Quanto vale uma estrela Michelin?
Se tudo correr como foi anunciado, Portugal vai nesta quarta-feira duplicar o seu número de estrelas Michelin. Há quem fale numa “nova era”.
Trabalho, trabalho, trabalho. Mas também dinheiro, muito dinheiro. Não é sem esforço que se consegue uma estrela Michelin. E também não se pode dizer que basta querer muito para a conseguir. Qual o caminho para que um restaurante seja premiado pelo guia mais famoso do mundo? Ninguém sabe exactamente. Mas sabe-se que não é fácil.
O anúncio sobre as novas estrelas para a Península Ibérica será feito nesta quarta-feira ao princípio da noite, em Girona. Mas quando em Outubro o director de relações exteriores do Guia Michelin, Ángel Pardo, informou os jornalistas que Portugal iria duplicar o número de estrelas — passariam de 17 para 34 — fez prever que se estava a abrir um novo capítulo na alta restauração portuguesa.
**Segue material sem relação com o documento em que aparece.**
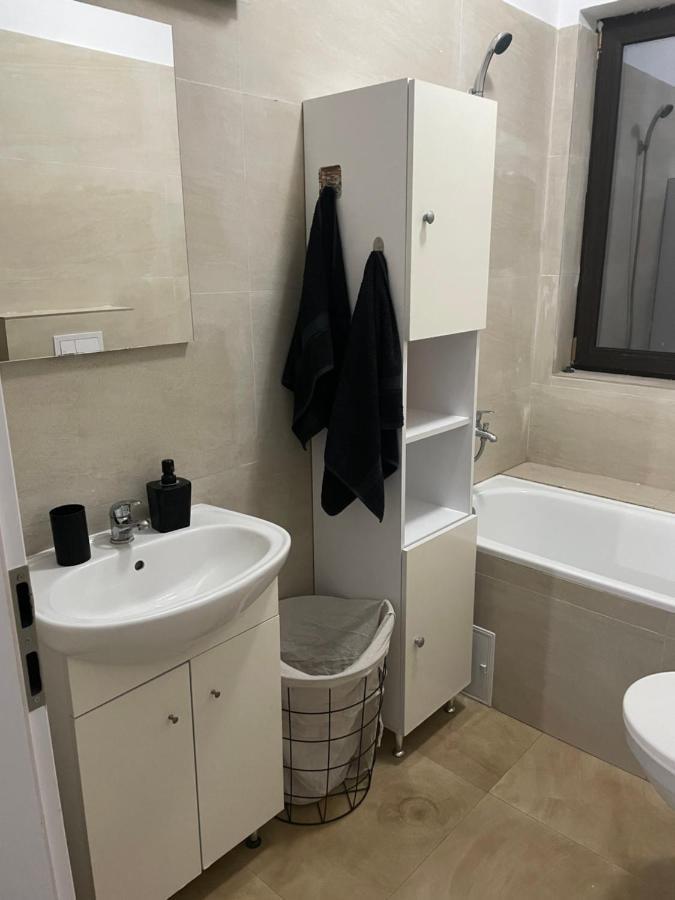 Apartament Apartament Adriana Giroc Zewnętrze zdjęcie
O chef João Rodrigues aponta para “um novo paradigma”, Leonel Pereira fala numa “nova era”. Se houve este salto gigante é porque certamente começaram a ter peso alguns factores que até aqui estiveram fora das ponderações dos misteriosos inspectores — misteriosos porque não só são anónimos quando se sentam à mesa, como ninguém sabe exactamente o que avaliam.
“A estrela que os chefs ganhavam há dez, 15 anos era muito mais sofrida”, afirma Leonel Pereira, do restaurante São Gabriel, em Almancil (com uma estrela Michelin). Agora, “o guia modernizou-se”. “Continua a ser o melhor guia do mundo, sem dúvida nenhuma”, mas terá aligeirado os critérios para a atribuição em Portugal e Espanha, que eram particularmente duros quando comparados com os usados em outros países. “Em Londres ou Nova Iorque um restaurante com uma estrela tem menos qualidade do que na Península Ibérica.”
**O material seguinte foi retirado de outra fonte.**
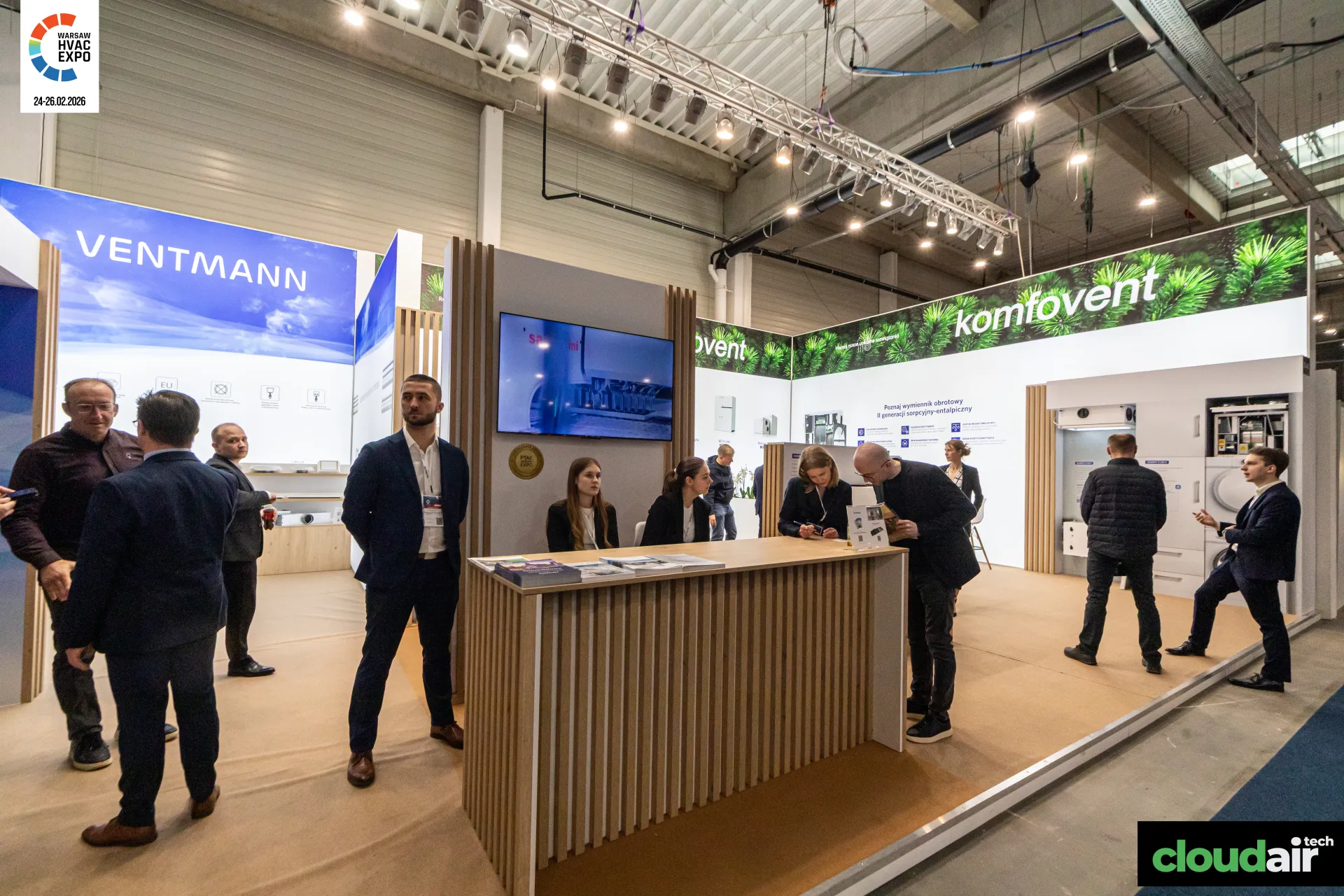 Wood-slat counter between the Ventmann sky wall and the Komfovent stand at Warsaw HVAC Expo 2026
O Guia Michelin, criado em França em 1900, não explica o porquê das suas recomendações ou das descidas de classificação. Simplesmente atribui as estrelas: uma significa “um restaurante muito bom na sua categoria”; duas “cozinha excelente, que justifica um desvio”; três, o máximo, “cozinha excepcional, que justifica uma viagem”. Garante que avalia “apenas o que está no prato”, de acordo com cinco critérios: qualidade dos ingredientes; técnica na preparação e combinação de sabores; criatividade; equilíbrio qualidade/preço; consistência dos padrões. Não fala em toalhas nas mesas, em cutelaria, cristais ou ingredientes luxuosos como trufas, caviar, foie gras.
Mas, até agora, “nenhum dos restaurantes premiados em Portugal tem mesas sem toalha”, refere Henrique Sá Pessoa, que muitos apostam que irá receber nesta quarta-feira a sua primeira estrela para o Alma, em Lisboa (onde não há toalhas). Os critérios usados pelos inspectores são um enigma, diz. “É uma linha invisível e ninguém deve viver obcecado com isso. Se esse trabalho for reconhecido pelo Guia, é a cereja no topo do bolo.”
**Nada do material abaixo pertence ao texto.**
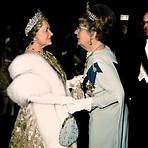 queen elizabeth tiara greville5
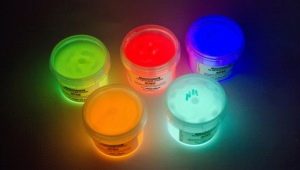  How to make a glowing paint with your own hands?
Mas será preciso “continuar sempre a trabalhar para fazer melhor, como em qualquer negócio”. Se o reconhecimento aumenta, as expectativas também. E gerir expectativas é uma coisa que todos os restaurantes têm que fazer, “incluindo os McDonald’s — as batatas não podem estar frias, o hamburger não pode estar seco, a parte difícil é garantir que os standards são iguais e não há oscilações, é isso que dificulta a vida dos cozinheiros na alta cozinha”.
Globalização de sabores
Tem havido acusações de que há um enviesamento que favorece a cozinha francesa (e a França é o país com mais estrelas Michelin). Teresa Vivas, do projecto de promoção da gastronomia portuguesa no estrangeiro, da associação de restauração AHRESP, vai ainda mais longe: “Os inspectores foram sempre injustos em relação à gastronomia portuguesa”, acusa. Uma das explicações pode estar no facto de “as nossas confecções serem muito simples, à base dos cozidos, grelhados, estufados, sem grandes molhos nem grandes dificuldades técnicas”, adianta. “Mas no mundo inteiro há estrelas Michelin ‘simples’; em Portugal é que há uma exigência de luxo, não sabemos porquê.” A avaliação tem sido “muito severa, quase sem liberdade para a alma portuguesa resistir aí no meio”.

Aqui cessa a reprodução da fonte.